Make sure only moderators you trust have permission to alter powerful server tools, including any bots you may add to your server, and be wary of bots masquerading as large, well-known bots.
Keep Invitation Links Updated
If links to servers are updated, make sure your community and new users are aware of the changes, and always update any social media pages where you share those links. If possible, include references to the old invite links and let everyone know that these links have been updated.
(This is doubly-so for servers Partnered, Verified or Level 3-boosted servers that utilize a vanity URL: if your server loses or changes its custom invite link, nefarious communities may swoop in and claim your old one. If this happens before you update your public-facing invites, people trying to join your community may instead join a server that’s looking to cause trouble. )
Notice! If someone gains control of your Discord account, they can change your username, password, email associated with the account, and any other information associated with your account.Once a thief has access to your Discord account, they can see all your personal information. From server layout to server permissions, to robots, you can even kick all your users out of the server, if your account is the person in charge of the server targeted by hackers, you may even use your account as a stepping stone to further damage within the community, Impersonating you to trick unsuspecting members.

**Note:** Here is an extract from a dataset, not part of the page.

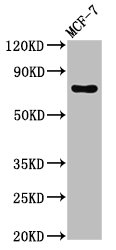 TUBGCP4 Antibody - Positive Western Blot detected in MCF-7 whole cell lysate. All lanes: TUBGCP4 antibody at 3 µg/ml Secondary Goat polyclonal to rabbit IgG at 1/50000 dilution. Predicted band size: 77 KDa. Observed band size: 77 KDa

All professional scammers, may also target Discord accounts with unique profile badges that cannot be duplicated, such as an early supporter charter badge, etc. If you have one of these unique badges, you should be extra wary of your account.

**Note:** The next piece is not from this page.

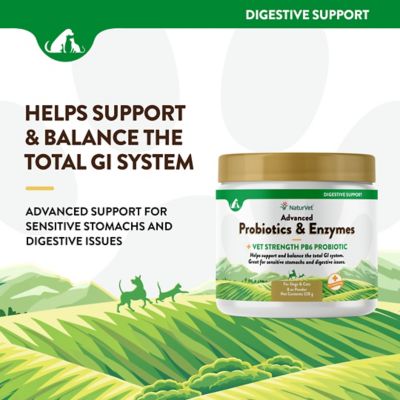 Image showing  Advanced Probiotics Enzymes Powder Digestive Supplement for Dogs, 8 oz.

It is recommended to enable 2-Factor Authentication on the account, because scammers also need to provide 2FA codes to change your password(The rabbit will continue to explain in related articles later)
Reiterated
For regular users:
Do not click on links from unknown senders or that look suspicious.
Do not download programs or copy/paste code you do not recognize.

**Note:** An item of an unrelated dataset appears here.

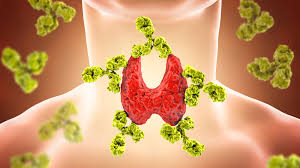 क्या थायराइड के मरीजों को मूंगफली खानी चाहिए या नहीं? जानिए…. 

HEALTH NEWS Should thyroid patients eat peanuts or not? Learn….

Do not reveal your password to anyone!
Do not share or screen share your authorization token.
Don't scan any QR codes from people you don't know or whose legitimacy you can't verify.
Enable 2-Factor Authentication to keep your account as secure as possible.
For server principals:
Audit server permissions, especially with advanced tools like webhooks.
Keep the official server invites up to date, especially if most of your new server members are from communities outside of Discord.
Likewise, don't click on suspicious or unknown links, if your account is compromised it could have a bigger impact on the community you moderate.
Some possible doubts about the NFT project (need to pay attention, need to continue to add)
1. Discord does not open public chat rooms
2. Twitter does not open comments
3. Non-original design
4. Non-WL (W List) can also be Mint in Presale
5. The team is completely anonymous, especially the designers ️
6. There are very few core members, and the MODs are all volunteers found online ️
7. Never held an AMA️ (Ask Me Anything)
8. The lottery will always only draw WL or the free NFT of this item️
9. There are basically no other activities except the lucky draw ️
10. Among the WL requirements, head pulling accounts for a large proportion ️
11. Presale is very hasty ️
12. The number of Mint in each wallet is large (3 is more)️
13. The project cycle is relatively short (2 weeks is short)️
14. The activity of the General channel is extremely low (accurate harvesting of domestic leeks)️
15. Few people follow on Twitter, few comments and retweets ️
16. There is no linkage with other project parties (the blue chip Holder is not considered as linkage)
17. Do not believe all DMs with links, it is recommended to close the DM directly
I wish all friends who read this article will be safe and successful!